Tapi benarkah hutang Indonesia berada di level sehat sementara 2017 lalu, pengamat ekonomi politik Ichsanuddin Noorsy mengatakan bahwa Bank Dunia telah menempatkan Indonesia di level bahaya lantaran fluktuasi nya sudah di atas 30%?
Di negara-negara berkembang, berbagai pembangunan memang gencar dilakukan guna menunjang, memperbaiki sekaligus mengejar ketertinggalan sektor ekonomi. Sayangnya upaya tersebut seringkali bentrok dengan sumber daya modal yang terbatas. Entah bentrok itu dikarenakan pengelolaan keuangan dan kepemilikan yang kurang bijak, atau memang benar benar tidak ada dana, tapi yang pasti, hutang luar negeri selalu dijadikan andalan sekaligus sandaran hingga akhirnya berujung pada ketergantungan.

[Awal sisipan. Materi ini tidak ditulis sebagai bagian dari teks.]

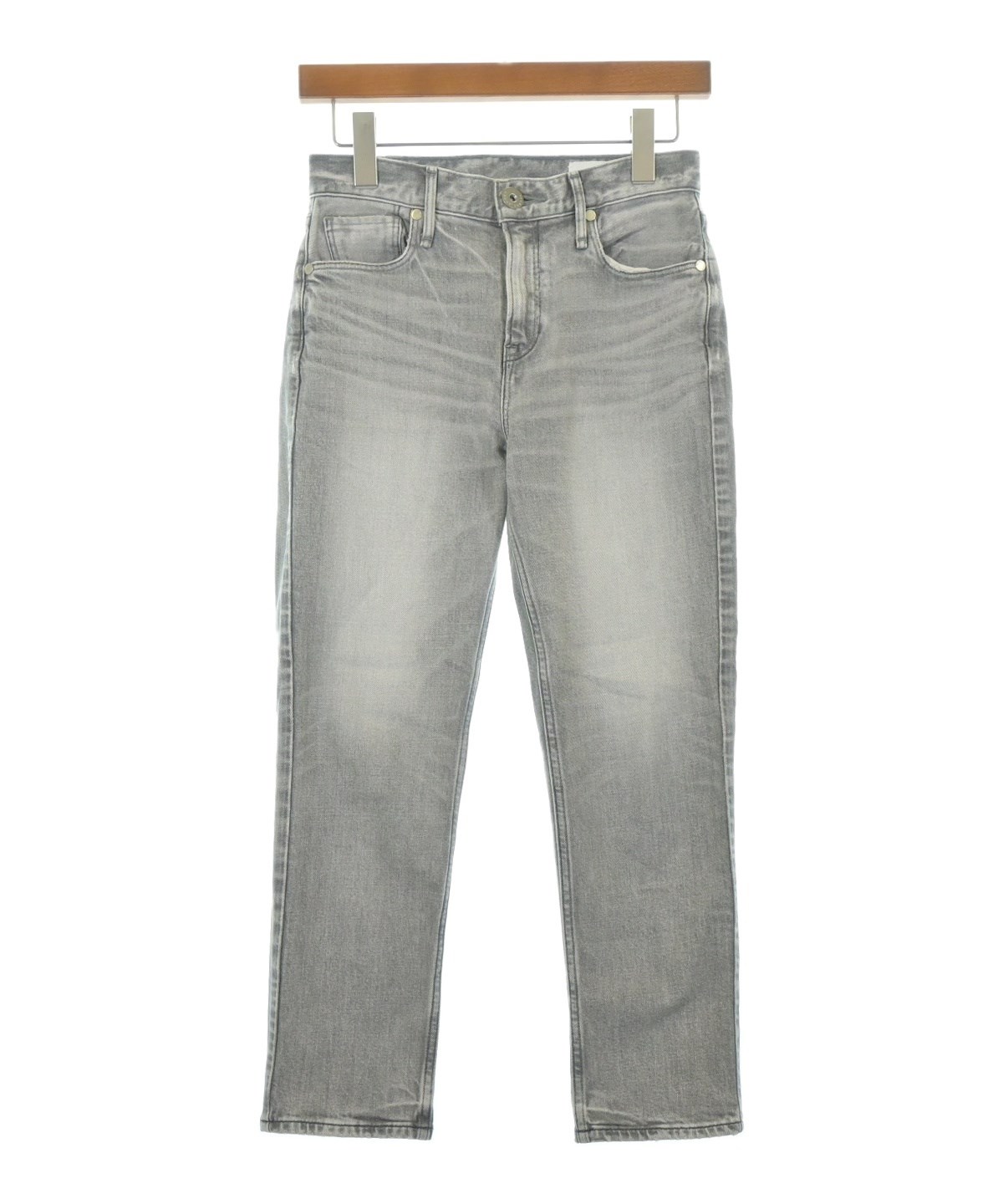 upper hights（アッパーハイツ）デニムパンツ グレー サイズ:22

Fakta-fakta tersebut sudah terjadi di Indonesia. Gemah ripah loh jinawi nya negeri berpenduduk 262 juta jiwa ini nyatanya tetap tidak mampu mengatasi persoalan perekonomian yang kian memprihatinkan. Suplai deretan nominal yang fantastis, yang secara logika sederhana mustinya berbanding lurus dengan meningkatnya kesejahteraan rakyat dalam negri nyatanya tetap tidak mampu terwujud. Kemiskinan tak kunjung berhasil terentas, pengangguran masih meroket, dan kesenjangan yang makin kentara hanyalah secuil derita yang kini dilakoni langsung oleh rakyat jelata. Belum lagi genjotan pajak sekaligus denda yang terus dibebankan pada mereka sementara disaat yang sama, pengusaha besar yang meleng pajak diberi pengampunan melalui tax amnesti demi peroleh pemasukan. Seolah belum cukup, Menteri Keuangan, 2017 lalu sempat mengatakan bahwa 13 juta adalah besarnya hutang yang menjadi tanggungan per individu rakyat. Rupiah yang menurutnya tidak terlalu membebani mengingat mayoritas masyarakat Indonesia masih produktif. (detikFinance 17/4/17)
Sudah menjadi kebiasaan, IMF dan ADB selalu dijadikan instrumen penyelamat tiap kali APBN mengalami defisit. Bahkan, hutang adalah pemasok APBN terbesar kedua setelah pajak. Tidak ada kekhawatiran atau bahkan ketakutan bagaimana nasib negeri ini kedepan jika terus menerus menggantungkan hidupnya dari pinjaman. Apalagi di jaman kapitalis seperti sekarang ini, ketika untung besar dijadikan progress kehidupan, mustahil negara negara pemasok hutang tidak mengambil dan memanfaatkan celah tersebut. Bahkan dengan senang hati dana akan digelontorkan mengingat besarnya bunga dan kesempatan melakukan hegemoni ke calon negara jajahan. Hal ini sudah pernah menimpa Mesir dan Tunisia. Dimana keduanya terjajah oleh Inggris Perancis lewat jalur tersebut.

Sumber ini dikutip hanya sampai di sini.